Pierre Faurre (60)Après sa sco­la­ri­té à l’É­cole poly­tech­nique (entré et sor­ti pre­mier, 1960–1962), il pré­pa­ra un Ph. D. à l’u­ni­ver­si­té de Stan­ford puis un doc­to­rat ès sciences à Paris. Son patron de recherche en Cali­for­nie, le célèbre Rudi Kal­man, disait qu’il n’a­vait jamais connu de meilleur disciple.

Les apports scien­ti­fiques de Pierre Faurre peuvent être ras­sem­blés sous deux rubriques.

Ses tra­vaux d’a­na­lyse théo­rique concernent le fil­trage numé­rique opti­mal. Il s’a­git, pour l’es­sen­tiel, de faire une mesure mathé­ma­tique sur la mesure phy­sique.

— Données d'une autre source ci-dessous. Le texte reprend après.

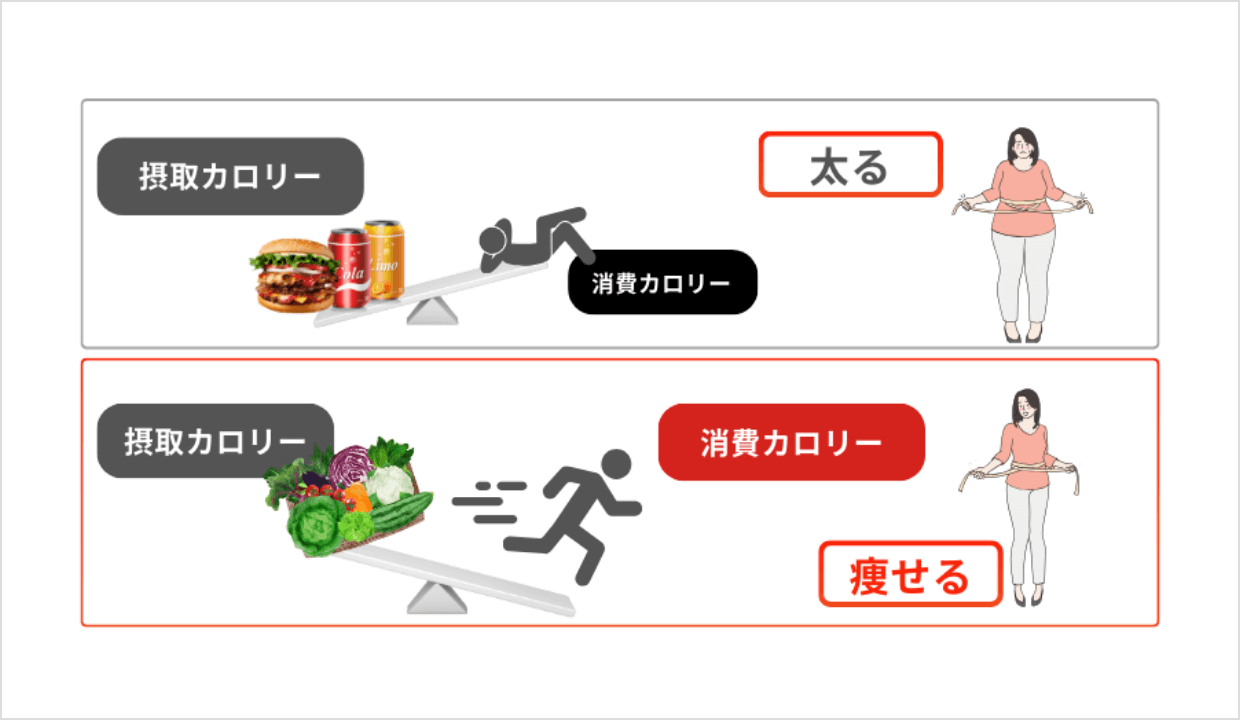 7大栄養素からアプローチ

Pierre Faurre s’at­tache à repré­sen­ter un sys­tème com­plexe, consi­dé­ré comme une » boîte noire « , par des états mathé­ma­tiques de dimen­sions minimales.

L’autre volet de son œuvre est plus déli­bé­ré­ment tour­né vers les appli­ca­tions, tout spé­cia­le­ment vers la navi­ga­tion iner­tielle opti­male : com­ment navi­guer au plus près d’une tra­jec­toire défi­nie comme optimale ?

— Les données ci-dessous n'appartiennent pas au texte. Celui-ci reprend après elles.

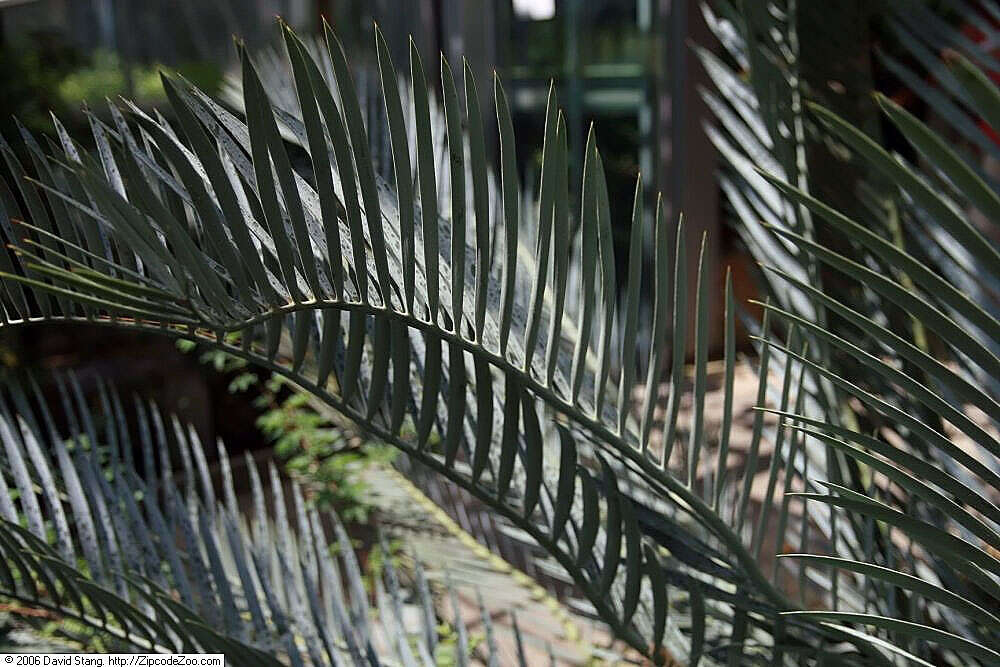 Image of Karoo cycad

On peut dire, sans aucu­ne­ment ver­ser dans l’emphase, que Pierre Faurre a pré­si­dé à la nais­sance d’une école nou­velle d’au­to­ma­tique rapide.

Pour lui, recherche et ensei­gne­ment étaient inti­me­ment liés. Pro­fes­seur à l’École poly­tech­nique, il en pré­si­da remar­qua­ble­ment le Conseil d’Administration. Il s’attacha tout spé­cia­le­ment à adap­ter la for­ma­tion des poly­tech­ni­ciens à la moder­ni­té du monde indus­triel et social. L’omniprésence de la tech­no­lo­gie dans la vie quo­ti­dienne contem­po­raine fait que le métier d’ingénieur implique des res­pon­sa­bi­li­tés nou­velles. La pra­tique de la tech­no­lo­gie n’est per­ti­nente que lorsqu’elle est en har­mo­nie avec le contexte social.

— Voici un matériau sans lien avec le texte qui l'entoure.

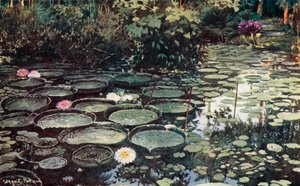 Victoria Regia (färg litho)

Pierre Faurre avait aus­si le sou­ci du rayon­ne­ment de l’École poly­tech­nique en dehors de nos fron­tières. L’École, lieu d’excellence recon­nu par nos com­pa­triotes, doit être aus­si un des pôles mon­diaux de réfé­rence pour la for­ma­tion scien­ti­fique et technologique.

Pierre Faurre a tou­jours agi sans aucun dog­ma­tisme mais avec pré­ci­sion, sans brus­que­rie mais dans la conci­sion. C’est lui faire hon­neur que d’être bref en évo­quant sa mémoire. Une évo­ca­tion que je me risque à énon­cer en trois points : Pierre Faurre avait une vision claire du monde dont il savait excel­lem­ment per­ce­voir les » signaux » utiles ; il avait un juge­ment rapide et sûr qu’il savait allier à une fidé­li­té exem­plaire ; il était ani­mé par un goût irré­pres­sible de l’in­no­va­tion béné­fique, har­mo­nieu­se­ment allié à une réflexion spi­ri­tuelle profonde.

Ima­gi­na­tif, pré­cis, élé­gant, géné­reux, tel fut l’homme que nous perdons.

Le nom de Pierre Faurre est ins­crit au pal­ma­rès de la science. Il est aus­si gra­vé dans nos cœurs.